Oyuncu Levent Kazak’tan İmamoğlu’na ‘Adalar’ mektubu

Oyuncu ve senarist Levent Kazak, İBB’nin Adalar’da başlattığı minibüs seferlerine karşı başlayan protestolara ilişkin İstanbul Büyükşehir Belediye Başkanı Ekrem İmamoğlu’na gönderdi

cumhuriyet.com.tr

Oyuncu ve senarist Levent Kazak, Adalar’da elektrikli minibüs sorununu İBB Başkanı Ekrem İmamoğlu’na yazdığı açık mektupla aktardı. Kendisi de ada sakini olan Kazak, İmamoğlu’nun sürece dahil olmasını talep etti. Kazak, sanal medya hesabı X üzerinden yazdığı mektupta, “Bir adalı olarak, son günlerde kamuoyunu meşgul eden azman minibüs sorunuyla ilgili, halk ile kurumlar arasında düzgün bir iletişim kurulamadığı görüşündeyim. Yanlış bilgiler havada uçuşuyor, ortam buram buram provokasyon kokuyor” ifadelerine yer verdi.

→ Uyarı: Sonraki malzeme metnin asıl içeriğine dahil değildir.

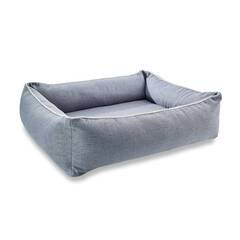 Orthopädisches Hundebett dunkelgrau • LABONI® Vito slate grey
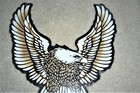 Harley Davidson Eagle Metal Tin Sign New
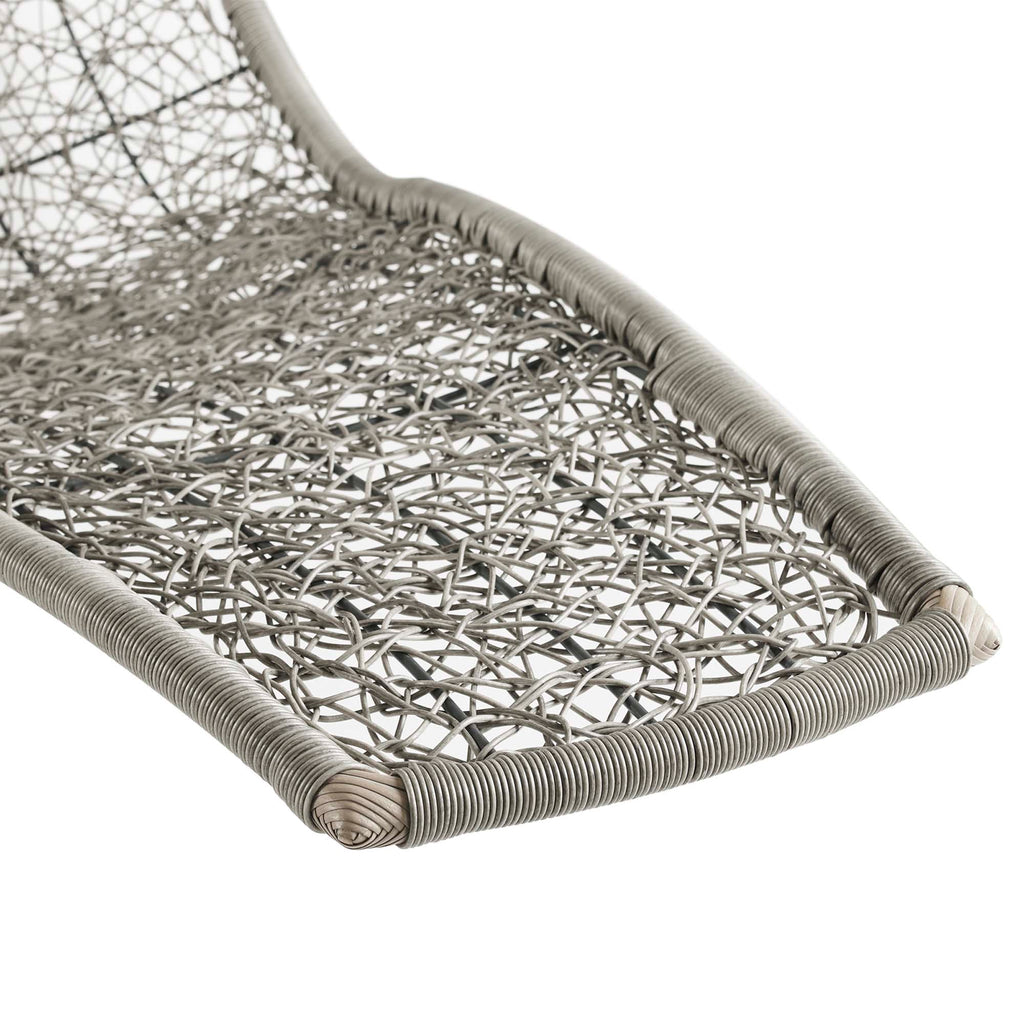Landscape Hanging Chaise Lounge Outdoor Patio Swing Chair - Light Gray Gray (EEI-2952-LGR-GRY)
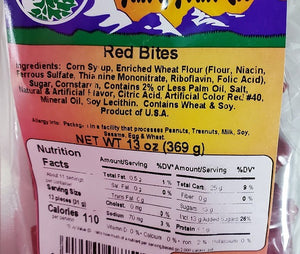 red bites label pic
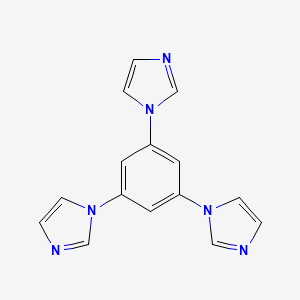1,3,5-Tri(1H-imidazol-1-yl)benzene, 97%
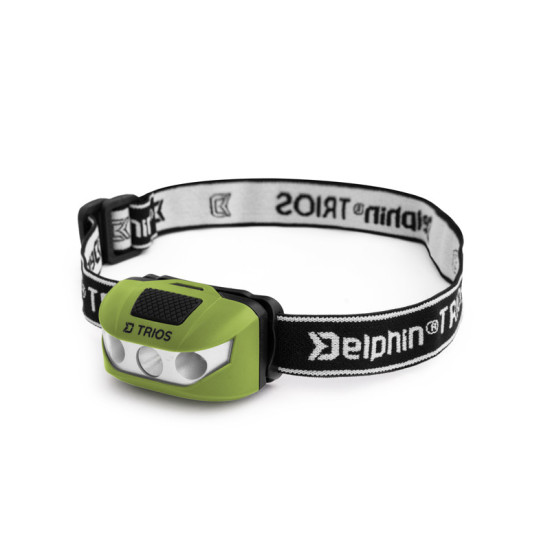 Delphin headlamp Trios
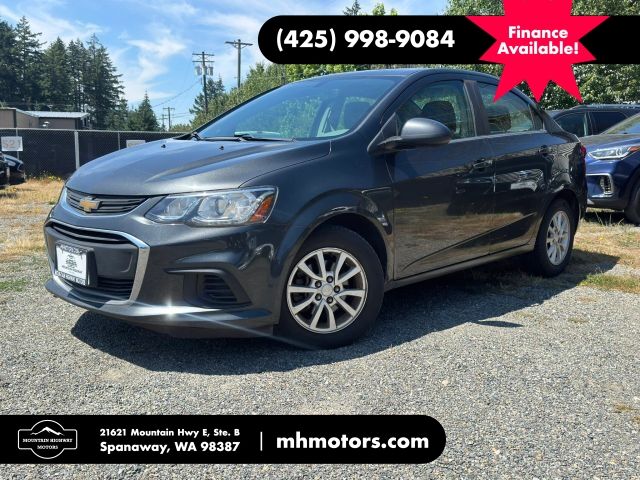 2017 CHEVROLET Sonic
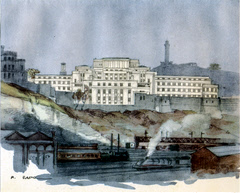 Scottish Government Buildings, Edinburgh, by Robert Eadie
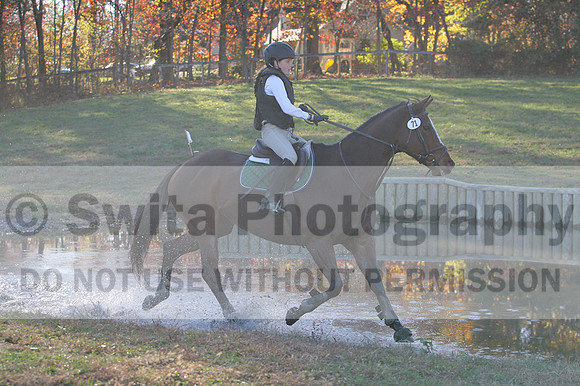 Ella Grier on Jean Louis Finch, Advanced Green Horse Trials Junior B
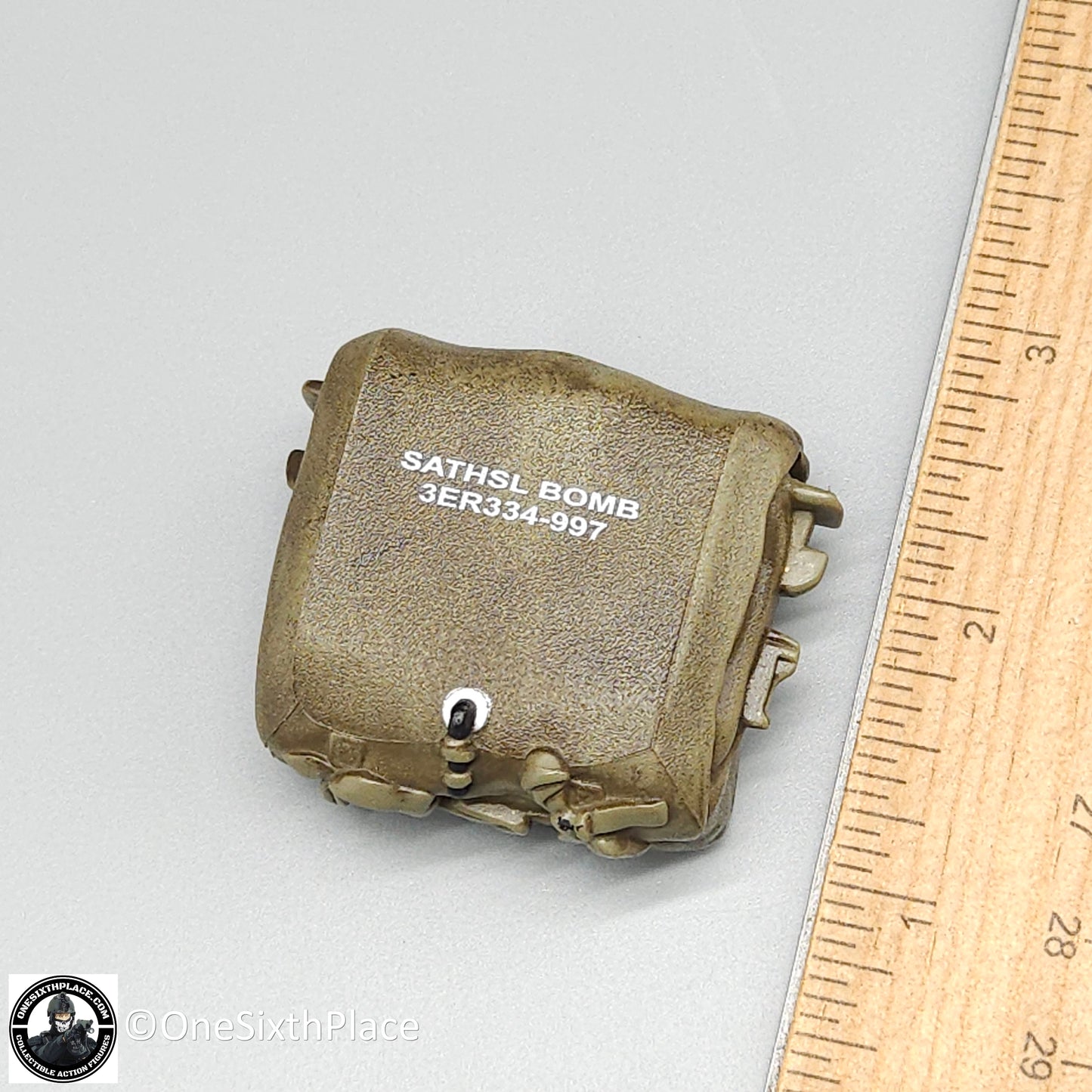 1:6 scale Hasbro Vietnam Satchel Charge Pouch for 12" Figures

Kazak’ın mektubunun devamında şu ifadeler yer aldı:

“Tarih içinde uzun bir yolculuğa çıkabileceğiniz, doğasıyla, ormanlarıyla, yürüyüş ve bisiklet yolları, mimari zenginlikleri ile her gün kendi nüfusunun 4-5 katı kadar turist kabul eden Büyükada, ki bu 70-80 bin kişiye tekabül edebiliyor, özellikle yaz aylarında büyük sorunlar yaşıyor. Faytonların gidişinden sonra, sorunu elektrikli araçlarla çözmeye çalışan İBB, yaz aylarında ihtiyaç 10-15 katına çıkınca çaresiz kalıyor, hayat kilitleniyor. Turist sayısı arttıkça, evine ya da işine gitmek isteyen adalılar her gün 2-3 saat süren kuyruklarda beklemek zorunda kalıyor. Bu sorun deniz yolları için de geçerli; hafta sonları, özellikle bayramlarda gemiler ücretsiz olunca, rahat bir nefes almak için adalara gelen kalabalık adalıların çıkış ve girişlerini imkânsız hale getiriyor. Adalılar, İBB’nin çözüm önerisine neden sıcak bakmıyor, bakamıyor? En büyük neden, çözüm diye sunulanın bir çözüm olmaması. Bu azman minibüsler yollara sığmıyor, iki minibüs yan yana geçemiyor; eşyanın tabiatına aykırı, yukarıda tarifi yapılan yollara sığmıyorlar. Olmuyor. Geçerken tüm yayaları, bisikletlileri yolun dışına itmek zorundalar. Kapasiteleri cüsseleri ile aynı oranda değil, şu anda hizmet eden minik otobüslerin taşıma kapasitesi ile aynı, ikisi de 13 kişi. Fark yok. Ama hacim olarak onların tam üç katı. Adalar bir yaya bölgesi, SİT alanı. Sadece turizm odaklı çözümler doğru değil, ada sakinlerinin yaşamlarını, düşüncelerini gözetmek, adanın tarihi, kültürel ve doğal yapısını koruyarak ilerlemek gerekiyor. Adaların yaşam kültürü, ekosistemi ezerek geçilemez. Yaşanan bu iletişim bozukluğunun ve İETT’nin yürüttüğü bu berbat bir kriz yönetim politikasının ivedilikle son bulması gerekir. Sorunu yaşayan ile otoritenin bir araya gelip çözüm araması, sadece adaların değil, tüm ülkenin geleceğini olumlu yönde etkiler, zıplatır. Adaların bu konuda örnek olmasını, sizden sürece bizzat katılıp, bu sorunun diyalogla çözülmesine önayak olmanızı rica ediyoruz.”